Springtime at Hope Hallwas my first book by Pam Rhodes and I really enjoyed it. 

Hope Hall is filled with many loveable and wonderful characters, who all have a story to tell. I really liked reading about all of them, seeing how they are connected, how they interact and how their stories developed. It’s a great community and they all added something tot he story. 
Form e there were too many characters in the mix though, it got a bit confusing and it was difficult to focus on certain people. 

Pam Rhodes writing style is lovely, charming, very fresh, sweet and enjoyable. You also go through all the emotions in this book, which I always like. 
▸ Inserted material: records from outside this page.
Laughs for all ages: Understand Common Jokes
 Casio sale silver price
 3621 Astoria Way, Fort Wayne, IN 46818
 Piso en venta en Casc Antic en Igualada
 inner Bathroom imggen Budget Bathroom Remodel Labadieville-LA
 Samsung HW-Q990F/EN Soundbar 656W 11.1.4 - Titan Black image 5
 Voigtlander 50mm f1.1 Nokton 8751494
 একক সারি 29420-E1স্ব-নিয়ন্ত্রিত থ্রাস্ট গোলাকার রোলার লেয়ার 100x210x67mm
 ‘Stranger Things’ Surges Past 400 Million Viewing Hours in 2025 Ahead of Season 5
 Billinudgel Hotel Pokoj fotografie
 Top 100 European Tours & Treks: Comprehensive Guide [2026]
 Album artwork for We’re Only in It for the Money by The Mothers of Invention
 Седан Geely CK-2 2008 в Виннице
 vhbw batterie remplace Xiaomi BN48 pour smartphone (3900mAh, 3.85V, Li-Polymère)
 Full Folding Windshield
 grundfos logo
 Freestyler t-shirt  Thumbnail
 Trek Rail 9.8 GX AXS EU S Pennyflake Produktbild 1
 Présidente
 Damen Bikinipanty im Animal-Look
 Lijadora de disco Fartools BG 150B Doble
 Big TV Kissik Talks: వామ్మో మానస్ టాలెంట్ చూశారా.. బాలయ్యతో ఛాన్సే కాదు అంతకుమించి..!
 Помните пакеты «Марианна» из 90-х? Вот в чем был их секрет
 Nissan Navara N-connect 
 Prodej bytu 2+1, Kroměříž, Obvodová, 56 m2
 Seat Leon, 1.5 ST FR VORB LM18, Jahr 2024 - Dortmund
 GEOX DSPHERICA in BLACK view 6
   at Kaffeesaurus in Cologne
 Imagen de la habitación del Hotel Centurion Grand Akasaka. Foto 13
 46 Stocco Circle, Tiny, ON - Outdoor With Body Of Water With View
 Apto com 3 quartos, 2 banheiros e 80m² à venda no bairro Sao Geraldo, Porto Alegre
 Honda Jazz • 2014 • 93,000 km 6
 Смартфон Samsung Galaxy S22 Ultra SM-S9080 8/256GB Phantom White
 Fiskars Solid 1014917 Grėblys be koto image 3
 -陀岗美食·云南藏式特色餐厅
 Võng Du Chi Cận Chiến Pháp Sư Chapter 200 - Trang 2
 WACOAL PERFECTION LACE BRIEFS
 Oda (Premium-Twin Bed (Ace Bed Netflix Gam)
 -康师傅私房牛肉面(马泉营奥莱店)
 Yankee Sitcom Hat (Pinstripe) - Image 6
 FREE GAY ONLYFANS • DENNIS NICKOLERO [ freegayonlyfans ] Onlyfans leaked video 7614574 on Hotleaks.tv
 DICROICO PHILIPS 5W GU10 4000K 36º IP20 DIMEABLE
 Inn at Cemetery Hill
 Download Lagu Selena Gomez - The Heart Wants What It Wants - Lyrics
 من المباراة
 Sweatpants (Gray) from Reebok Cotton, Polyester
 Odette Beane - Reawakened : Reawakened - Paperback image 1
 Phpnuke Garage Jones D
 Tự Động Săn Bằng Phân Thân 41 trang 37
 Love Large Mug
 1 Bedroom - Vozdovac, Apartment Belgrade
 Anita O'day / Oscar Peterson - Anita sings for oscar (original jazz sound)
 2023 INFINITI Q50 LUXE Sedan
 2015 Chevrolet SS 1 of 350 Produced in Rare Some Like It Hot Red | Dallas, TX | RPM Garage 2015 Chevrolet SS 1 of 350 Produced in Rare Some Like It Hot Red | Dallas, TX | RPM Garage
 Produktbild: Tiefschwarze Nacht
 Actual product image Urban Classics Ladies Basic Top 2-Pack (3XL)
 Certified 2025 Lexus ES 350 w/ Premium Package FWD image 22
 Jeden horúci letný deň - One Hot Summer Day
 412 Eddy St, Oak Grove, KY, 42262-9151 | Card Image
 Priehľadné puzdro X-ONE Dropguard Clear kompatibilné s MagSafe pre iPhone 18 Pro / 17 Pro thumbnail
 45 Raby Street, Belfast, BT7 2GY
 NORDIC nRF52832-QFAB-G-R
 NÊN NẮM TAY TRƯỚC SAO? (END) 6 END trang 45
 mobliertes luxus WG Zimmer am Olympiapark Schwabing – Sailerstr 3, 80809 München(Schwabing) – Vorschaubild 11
Excited to see what the second story of the series has in store. 


Q & A with Pam Rhodes

1.    Did you always dream of being a writer?
Not a novelist, no – but I’ve worked in television newsrooms for years, and have always had the challenge of writing to deadlines, and never being able to allow myself ‘writer’s block’.  I wrote my first novel back in 1995 not knowing if I was able to write entertaining stories with believable characters and dialogue – but now, with 24 books under my belt, 12 of which are novels, I absolutely love writing anything and everything!

2.    How did your writing career develop?
I have been a television journalist for many years, most known as the presenter of the BBC Television series SONGS OF PRAISE.  The experience of interviewing hundreds of people who have been generous enough to share the challenges they’ve faced not just with me, but with millions of viewers around the world, has provided me with a rich tapestry of human experience and emotion and experience from which to draw my fictional storylines.  My first novel told the fictional story of a SONGS OF PRAISE television programme being made in a small East Anglian town.  Since then, I’ve just never stopped writing.

3.    Your debut novel is called Springtime at Hope Hall,what is it about?
This is the first book in the new HOPE HALL trilogy – but this is my second trilogy, following THE DUNBRIDGE CHRONICLES which eventually grew from being a trilogy to a quartet of stories.  HOPE HALL is a one hundred year old memorial hall that has been extended and adapted to become a community centre for all sorts of groups and activities.  It is this mix of young and old, from different backgrounds, with different personalities and viewpoints, that create the humour, emotion and chemistry within the walls of HOPE HALL.  This is a book which can move you to years one minute, and have you giggling the next.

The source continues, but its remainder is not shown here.